◆ Exercise directions ◆
Set down, please, the line that contains "Folded Front of" and every line that follows it to the end of the records, exactly; do not include pictures.
Data Block Start
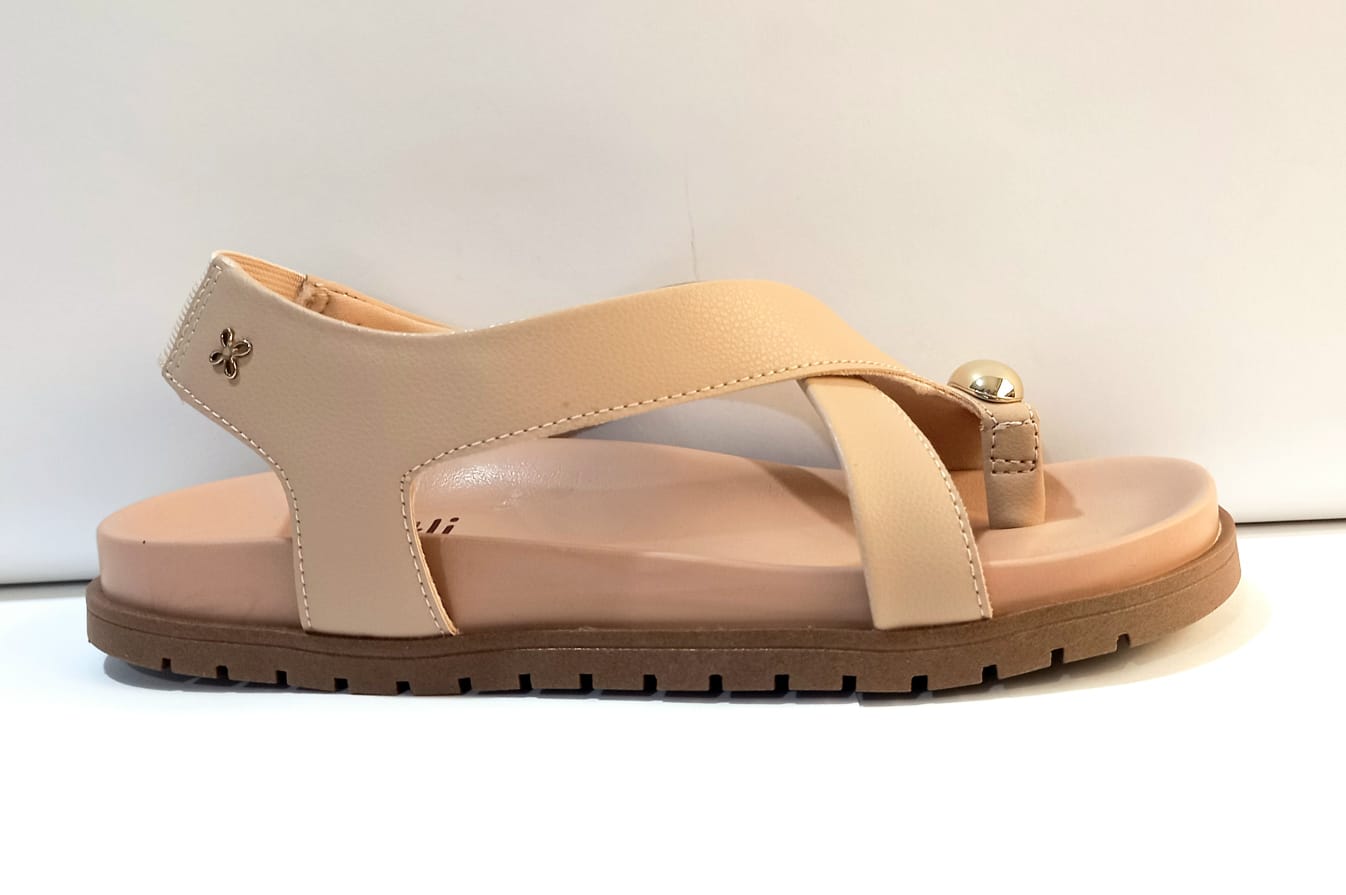 Sandália Conforto Softli com Detalhe Dourado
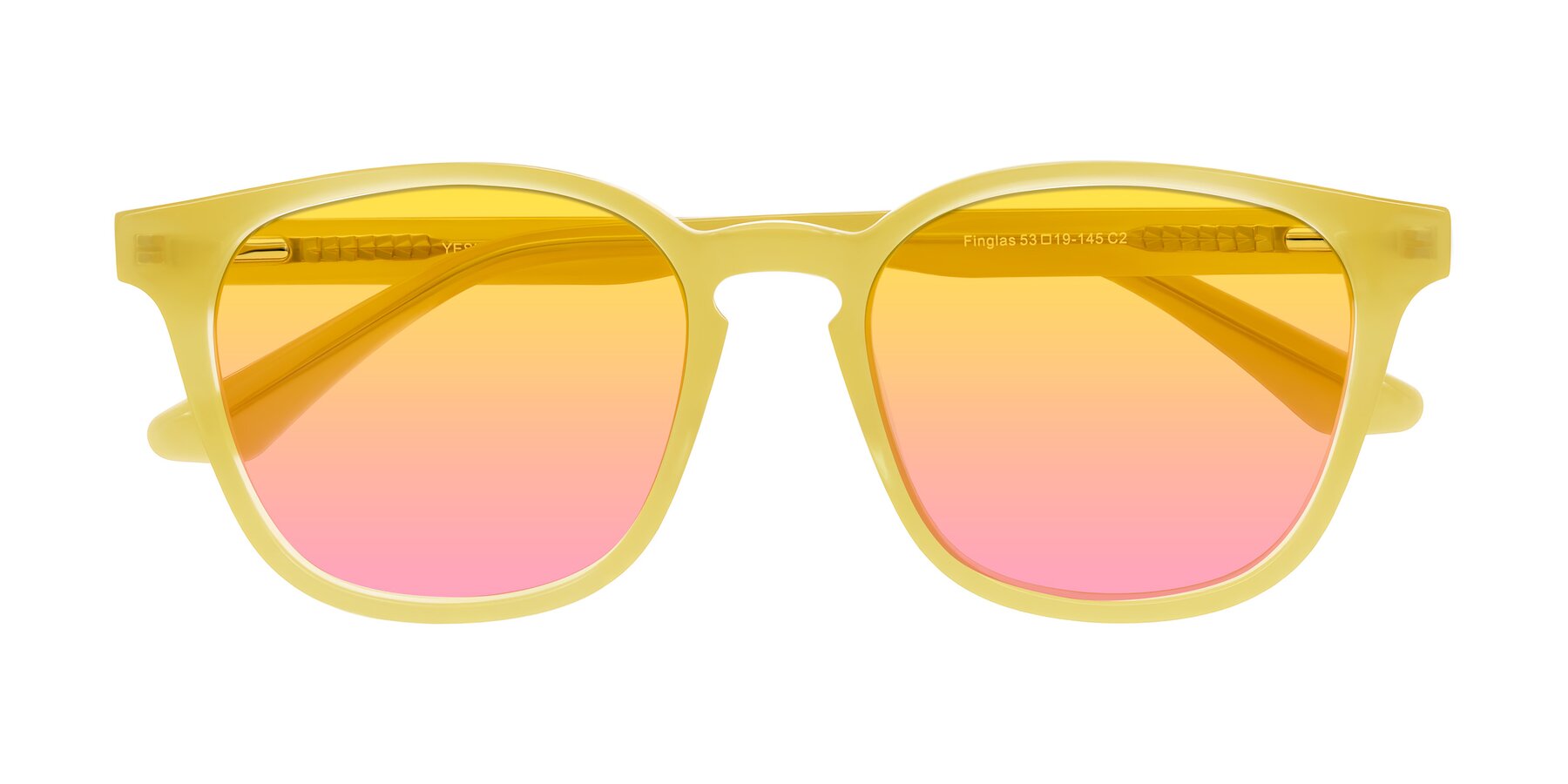 Folded Front of Finglas in Honey with Yellow / Pink Gradient Lenses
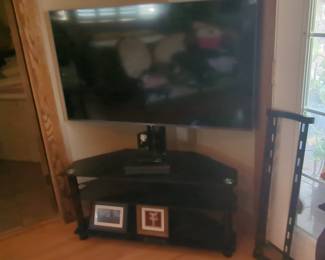 Corner TV Stand with Swivel Mount and Shelving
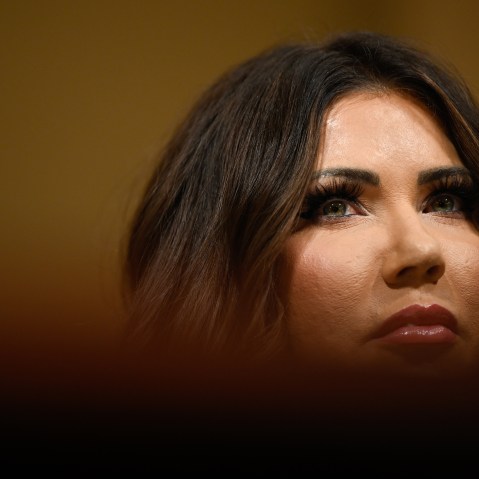 A tight closeup of DHS secretary Kristi Noem.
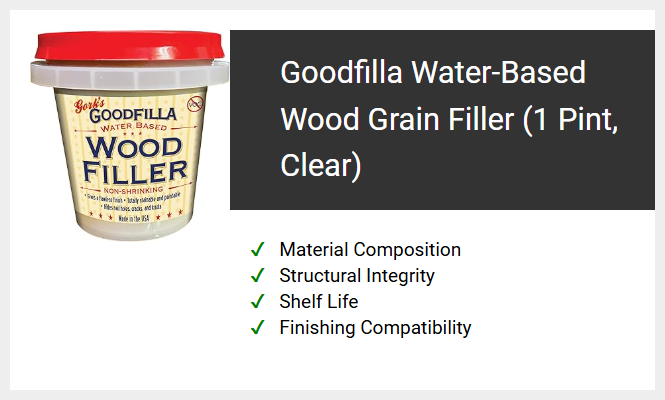 Goodfilla Water-Based Wood Grain Filler (1 Pint, Clear)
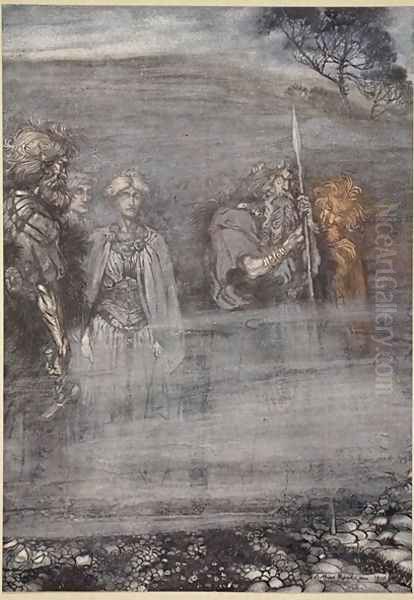 The Gods grow wan and aged at the loss of Freia, illustration from The Rhinegold and the Valkyrie, 1910 - view 1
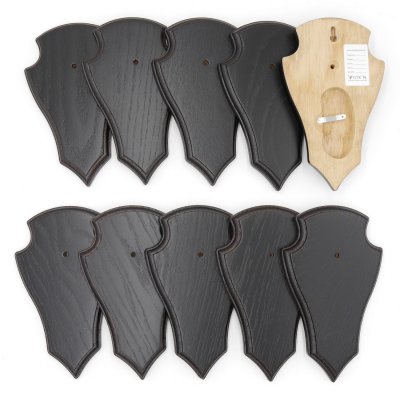 Trophäenschilder Reh 10 Stück Spitz AF 19x11 mit 1 Kieferfach Eiche dunkel ohne Montageklammer GTKv50.63/1KF-10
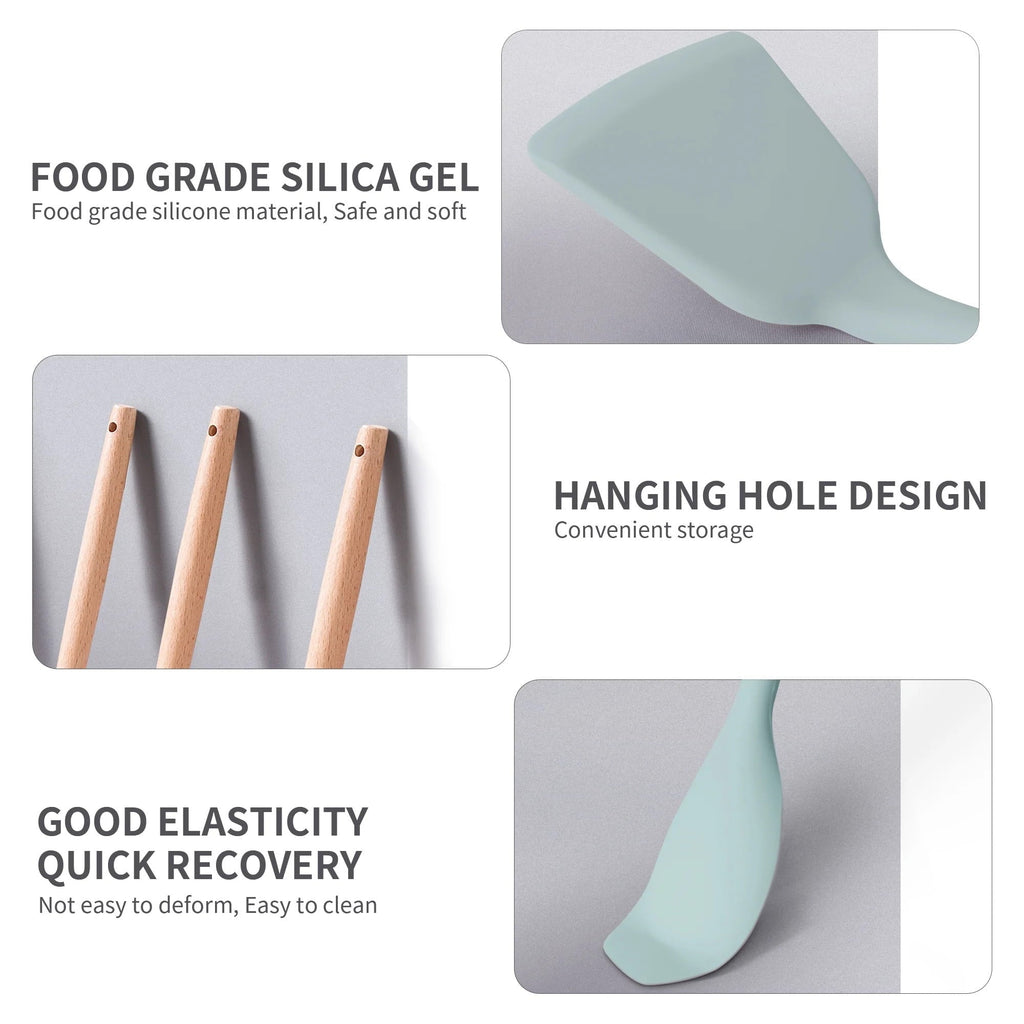 Ergonomic Cooking Silicone Kitchen Cooking Utensils Set, 19 Pieces Utensil with Holder, Heat Resistant, Green - Premium Stainless Steel Cooking Utensil for Non-Stick Pots Detail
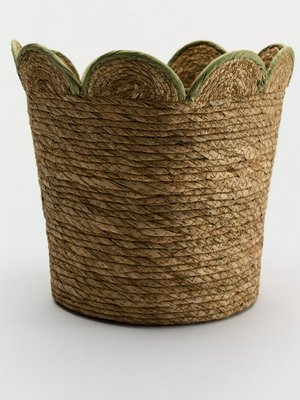 Плетеная корзина с фигурной кромкой, натуральный, зеленый, арт. pnk001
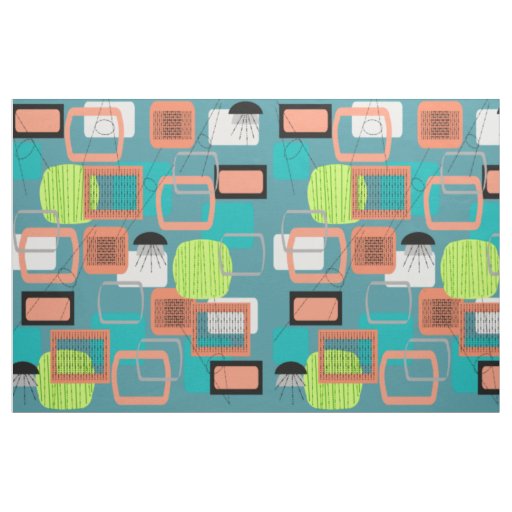 Mid-Century Modern Teal Abstract Fabric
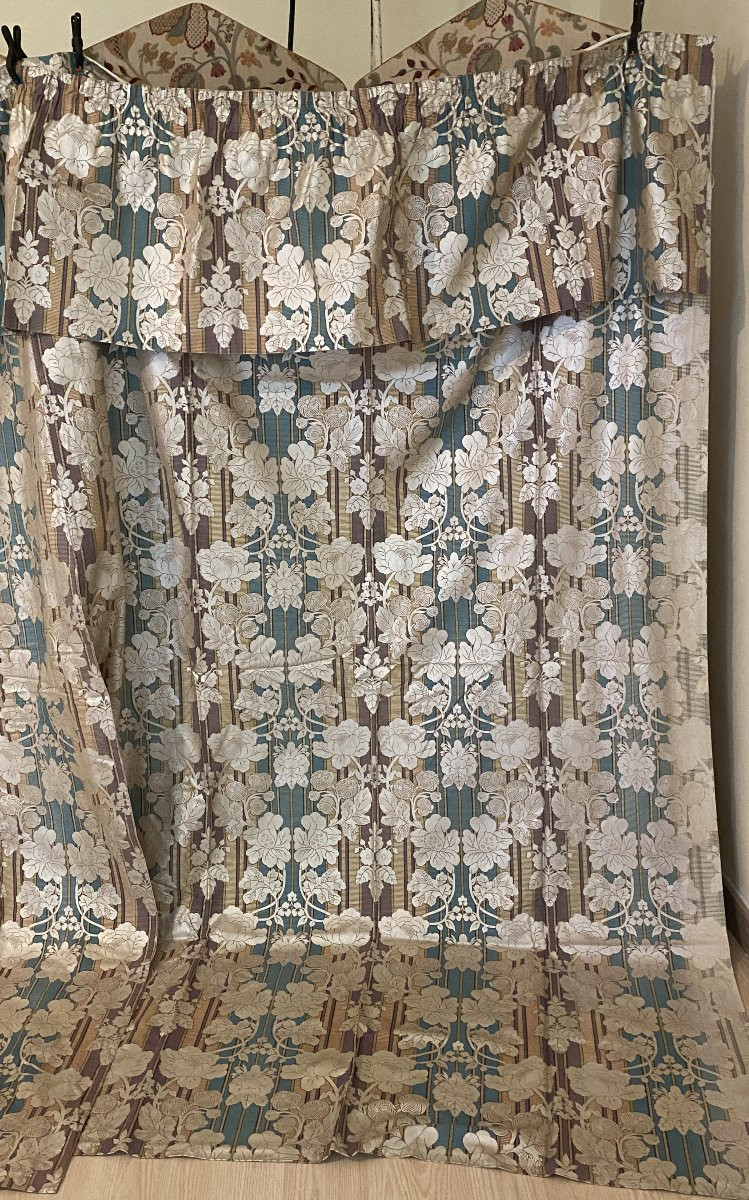 Paire de rideaux Art Déco avec cantonnière  Aux Fleurs argentées -photo-4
Data Block End
◆ Task response ◆
 Folded Front of Finglas in Honey with Yellow / Pink Gradient Lenses
 Corner TV Stand with Swivel Mount and Shelving
 A tight closeup of DHS secretary Kristi Noem.
 Goodfilla Water-Based Wood Grain Filler (1 Pint, Clear)
 The Gods grow wan and aged at the loss of Freia, illustration from The Rhinegold and the Valkyrie, 1910 - view 1
 Trophäenschilder Reh 10 Stück Spitz AF 19x11 mit 1 Kieferfach Eiche dunkel ohne Montageklammer GTKv50.63/1KF-10
 Ergonomic Cooking Silicone Kitchen Cooking Utensils Set, 19 Pieces Utensil with Holder, Heat Resistant, Green - Premium Stainless Steel Cooking Utensil for Non-Stick Pots Detail
 Плетеная корзина с фигурной кромкой, натуральный, зеленый, арт. pnk001
 Mid-Century Modern Teal Abstract Fabric
 Paire de rideaux Art Déco avec cantonnière  Aux Fleurs argentées -photo-4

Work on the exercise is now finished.